Seat Ibiza po kuracji odmładzającej
Za sprawą ciekawie wystylizowanego nadwozia Ibiza wciąż prezentuje się świeżo i niemal nie widać po niej mijających lat. Mimo to Hiszpanie zdecydowali się wysłać swojego "mieszczucha" do kosmetyczki fundując mu drobny makijaż nadwozia i silniki nieco mniej drenujące portfel.
Face-liftingu doczekały się wszystkie trzy wersje nadwoziowe - 5-drzwiowy hatchback, 3-drzwiowe SportCoupe i 5-drzwiowy SportTourer. Każda z nich otrzymała przeprojektowane lampy tylne i zupełnie odmieniony przód - zyskał on szerszy grill, przeformowany zderzak, inaczej wyprofilowaną maskę, a przede wszystkim reflektory przywołujące na myśl te z Chevroleta Cruze.

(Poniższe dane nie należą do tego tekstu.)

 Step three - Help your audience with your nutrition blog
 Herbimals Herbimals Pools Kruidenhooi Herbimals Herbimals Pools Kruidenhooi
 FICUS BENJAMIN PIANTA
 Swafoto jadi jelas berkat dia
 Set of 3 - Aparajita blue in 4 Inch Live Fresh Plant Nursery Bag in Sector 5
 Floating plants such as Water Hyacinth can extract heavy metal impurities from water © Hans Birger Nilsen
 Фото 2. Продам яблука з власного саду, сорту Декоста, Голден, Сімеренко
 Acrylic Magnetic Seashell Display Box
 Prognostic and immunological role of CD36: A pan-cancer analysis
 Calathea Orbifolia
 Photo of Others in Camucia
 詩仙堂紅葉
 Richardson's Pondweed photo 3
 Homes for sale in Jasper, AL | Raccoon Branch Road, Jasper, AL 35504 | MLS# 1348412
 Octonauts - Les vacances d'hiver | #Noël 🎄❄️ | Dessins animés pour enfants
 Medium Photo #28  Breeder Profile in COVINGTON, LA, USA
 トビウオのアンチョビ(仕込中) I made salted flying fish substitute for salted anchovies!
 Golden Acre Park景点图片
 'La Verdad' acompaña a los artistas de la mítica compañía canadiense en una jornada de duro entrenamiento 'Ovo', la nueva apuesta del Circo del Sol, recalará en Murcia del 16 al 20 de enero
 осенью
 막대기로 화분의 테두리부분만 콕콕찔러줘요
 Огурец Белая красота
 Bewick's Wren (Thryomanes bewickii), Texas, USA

Oprócz stylistów, Ibizę udoskonalili także specjaliści od jednostek napędowych. Dzięki drobnym zmianom udało się obniżyć zużycie paliwa, co powinno ucieszyć zwłaszcza przy obecnych cenach benzyny i oleju napędowego. Za spalanie pochwalić trzeba w szczególności odmianę Ecomotive - jej silnik 1.2 TSI rozwijający 105 KM i 175 Nm pochłania na 100 km tylko 5,1 litra.
W połowie tego roku Seat planuje face-lifting topowej wersji Ibizy o nazwie Cupra.